Sustainable landscaping to benefit historic parks

March 11, 2020 | Sarah Heinonen
sarah@thereminder.com

Laurel Park.
Photo courtesy of www.longmeadow.org

LONGMEADOW – Two green spaces in Longmeadow, Bliss Park and Laurel Park, will soon be receiving a face lift with sustainability in mind.

The Conway School of Landscape Design in Northampton has contracted with the town and its students will spend their spring semester designing a sustainable landscape plan.

“They’re putting together a master plan, which will be for both parks,” Longmeadow Town Manager Lyn Simmons said. “We’re looking forward to working with the Conway School and seeing what they come up with.”

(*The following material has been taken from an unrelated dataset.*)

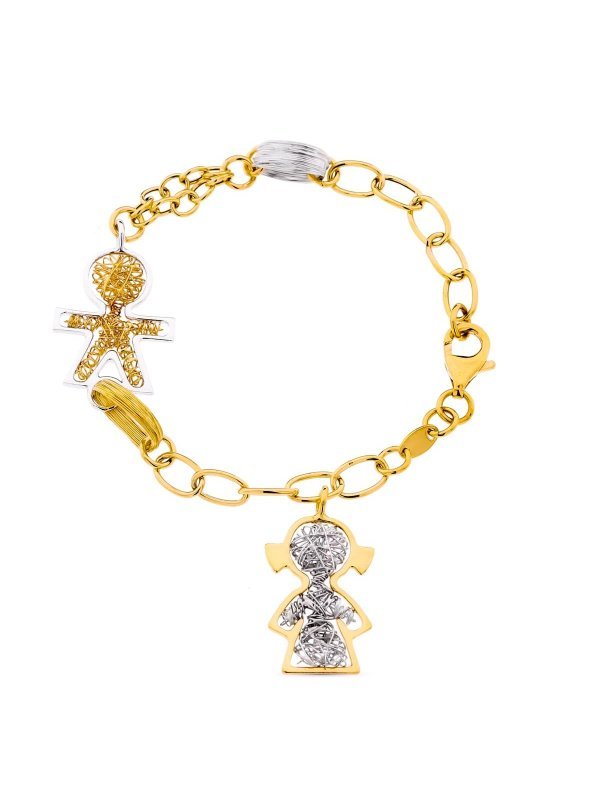 18K PULSERA BICOLOR NIÃ‘O NIÃ‘A 10.50 GR
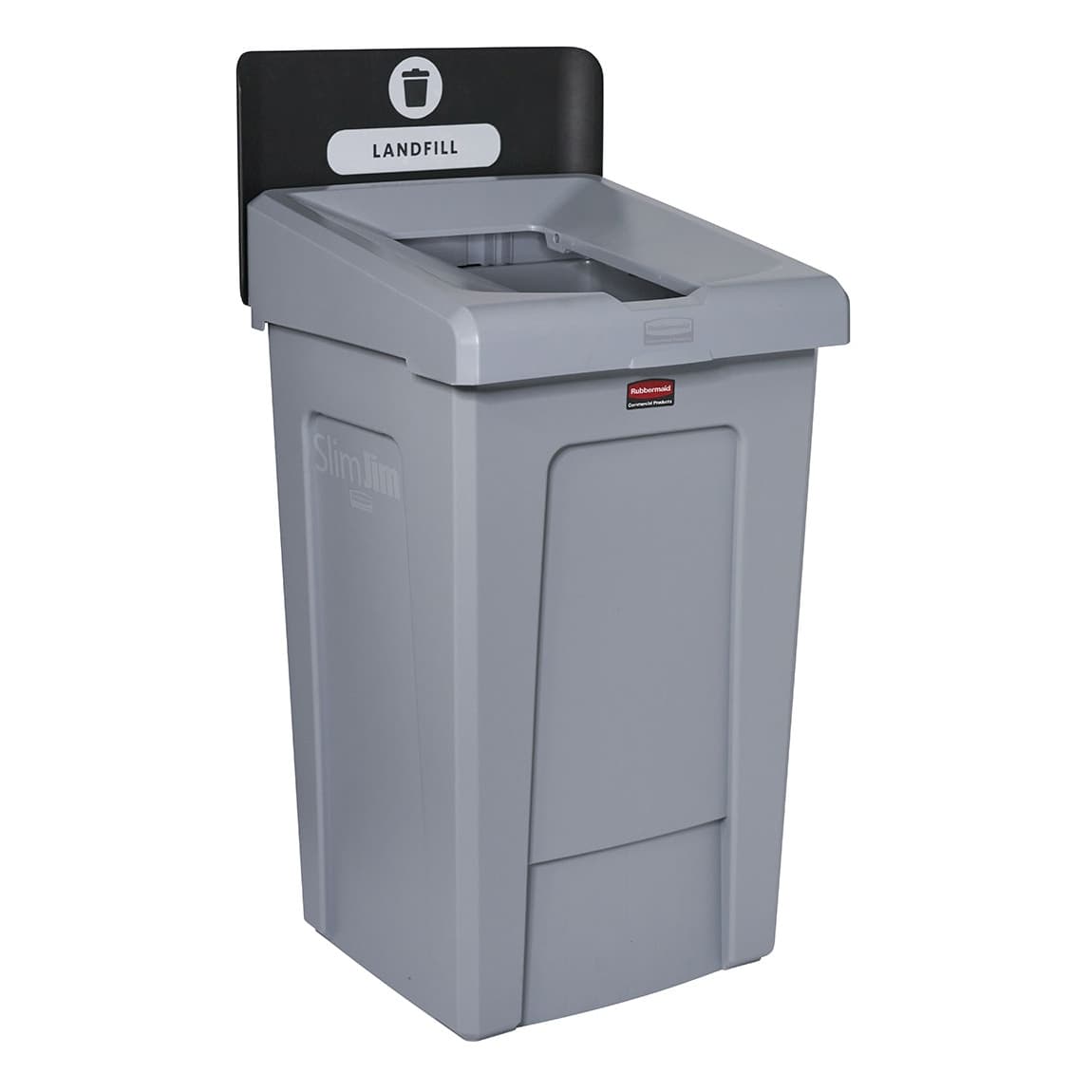 Slim Jim® Landfill 1-Stream Recycling Station 19.63X2.06X14.63 IN 33 GAL Black Resin Billboard 1/Each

Project Manager Kristin Thomas told Reminder Publishing that the students will have 12 weeks to work on the project, from April 13 to the end of June. She said the first phase consists of a “very extensive analysis of the site.” The team will research the history of the land, its ecology and how the public uses the park. She said they will mainly focus on the “areas surrounding the waterway, the wildlife, the plant communities, what’s working and what’s not.”

After meeting with the community at a forum on April 28 at 7 p.m. at the Longmeadow Adult Center, the students will begin the second phase of the project, sketching preliminary designs that will address the park’s needs.

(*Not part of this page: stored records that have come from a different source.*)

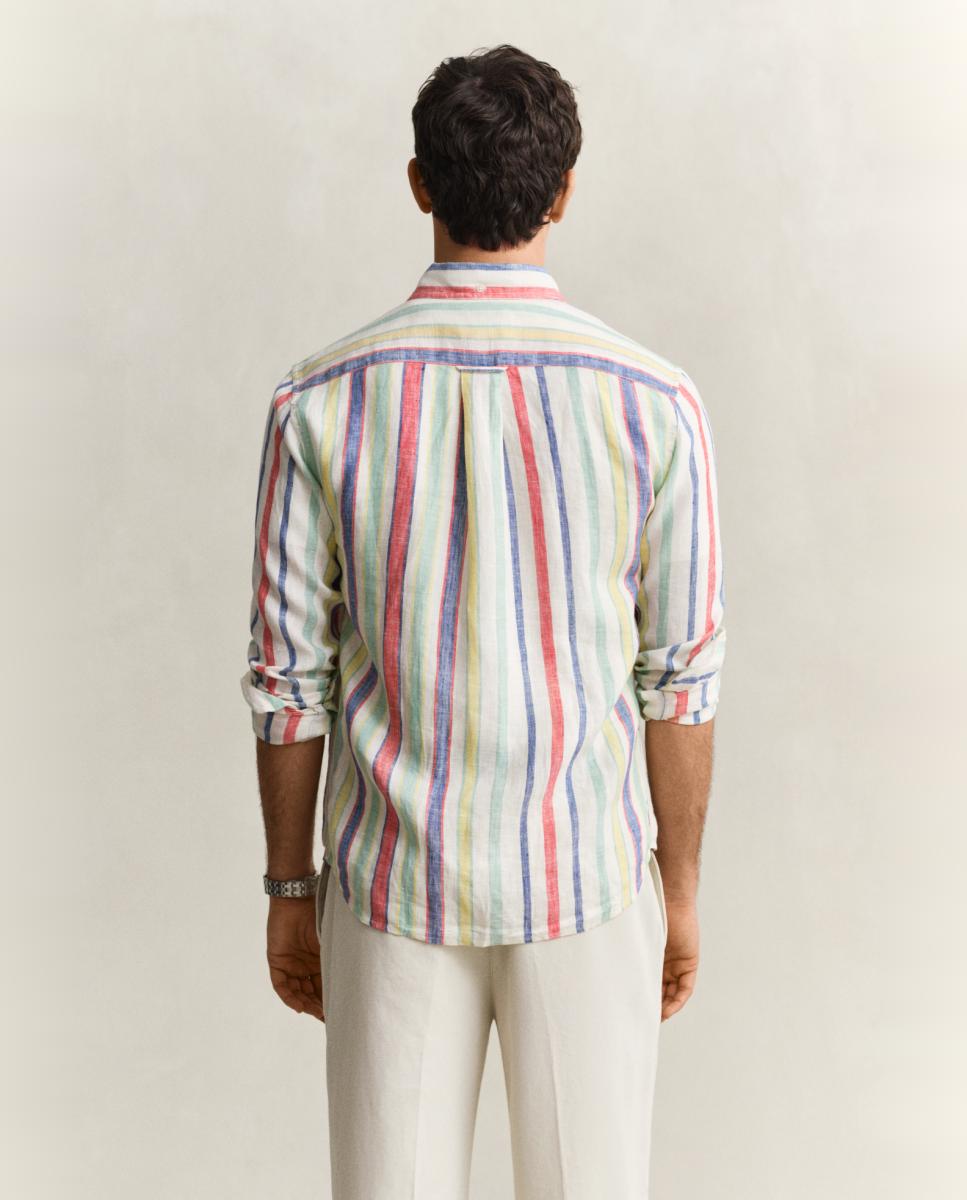 Camisa Tamanhos Grandes de Manga Comprida com Desenho às Riscas Multicolor-2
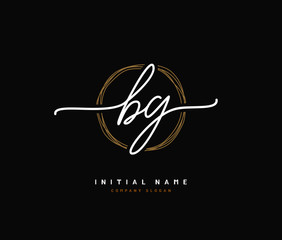 B G BG Beauty vector initial logo, handwriting logo of initial signature, wedding, fashion, jewerly, boutique, floral and botanical with creative template for any company or business.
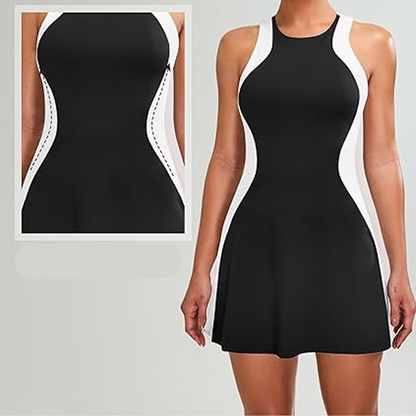 🔥👗Színblokkoló karcsúsított miniruha és rövidnadrág szett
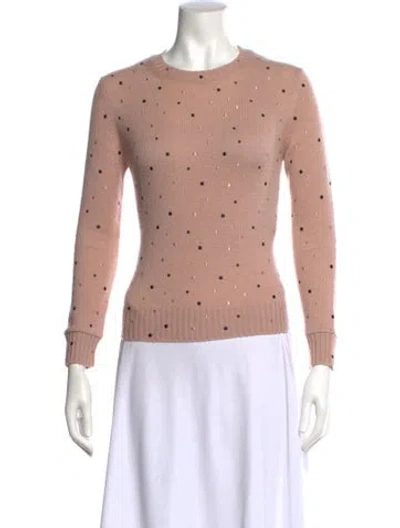 Pre-owned Dior Cashmere Polka Dot Print Sweater In Pink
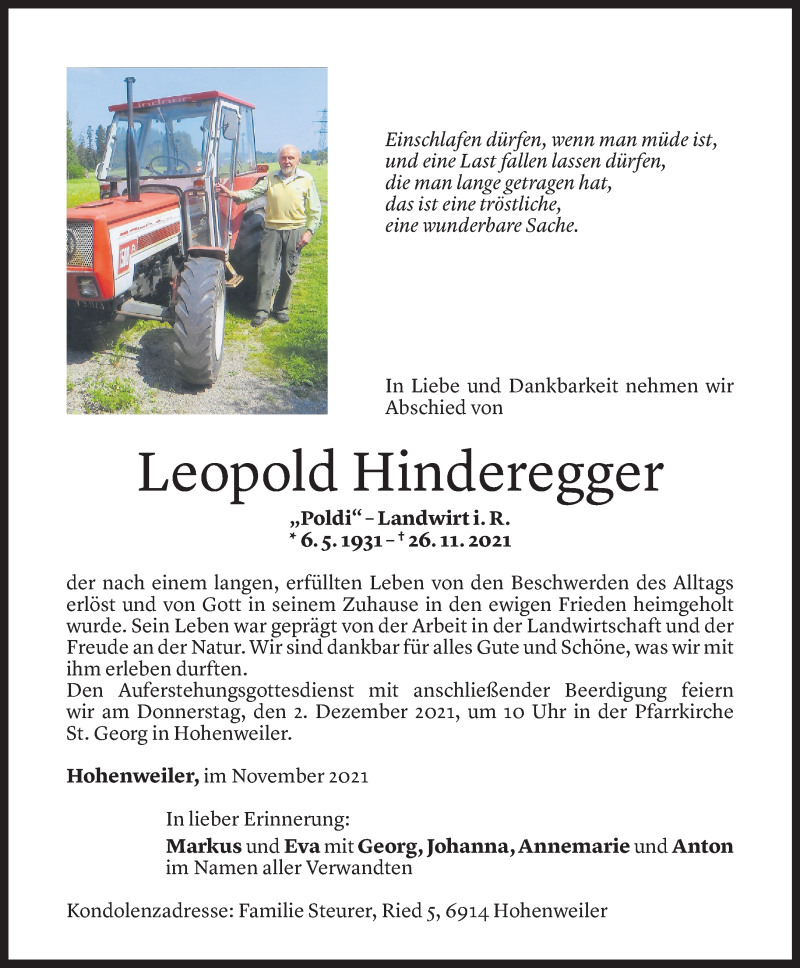  Todesanzeige für Leopold Hinderegger vom 29.11.2021 aus Vorarlberger Nachrichten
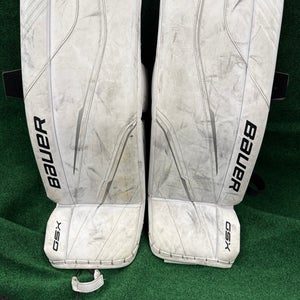 White Bauer GSX (2023 Model) Goalie Leg Pads (Used) | Junior Large (30+)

Those designs will be submitted to a panel of professionals, including an ecologist, landscape architect and a planner, as well as town officials.

Residents will have a chance to weigh in on the plans at a second forum, after which the students will incorporate all the feedback and put together a final design. The finished plan will be a collection of 15 to 30 pages of documents, mostly sketches. There will, however, be preliminary cost estimates and material recommendations.

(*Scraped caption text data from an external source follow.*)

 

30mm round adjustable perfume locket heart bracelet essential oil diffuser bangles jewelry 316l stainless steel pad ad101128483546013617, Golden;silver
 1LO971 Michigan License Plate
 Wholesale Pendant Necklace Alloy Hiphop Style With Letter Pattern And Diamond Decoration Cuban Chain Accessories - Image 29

The Conway School has experience with projects of this scope. It works with municipalities on about half of its projects, Thomas said. The projects done in the spring semester are 50 acres or larger, making them good candidates for town projects. Other organizations that the school works with include colleges, farms, parks, rail trails, non-profits, and residential and commercial properties.

The land the school is focussing on in Longmeadow has a long history.

“These parks were originally created as a watershed, beginning in 1895, for the Town of Longmeadow water supply,” said Fran Cress, a member of Longmeadow Citizens To Save Our Parks (LCSOP) who has worked to protect the land. Much of Cooley Brook, once collected in a manmade reservoir and stored in a water tower, is now invisible to residents, running underground and eventually emptying into the Connecticut River.

After LCSOP defeated a proposal to locate the new Longmeadow Adult Center on a portion of the site in 2016, the group was successful in establishing protection for the area under MGL ch. 97.

Cress reached out to the Conway School, which her daughter had previously attended, over a year ago, but Thomas said the project hit its stride in the last two or three months. The master plan from the school is funded by community preservation funds that were approved at the May 2019 town meeting.

Cress hopes that residents will come to the April forum to discuss the future of the parks and contribute their ideas.

“It is an opportunity for citizens to play a critical part in preserving our history and these parklands,” Cress said. “It is important for citizens to express their interests to planners so the plan reflects their input and helps us preserve this wonderful legacy for the enjoyment of all in the years to come.”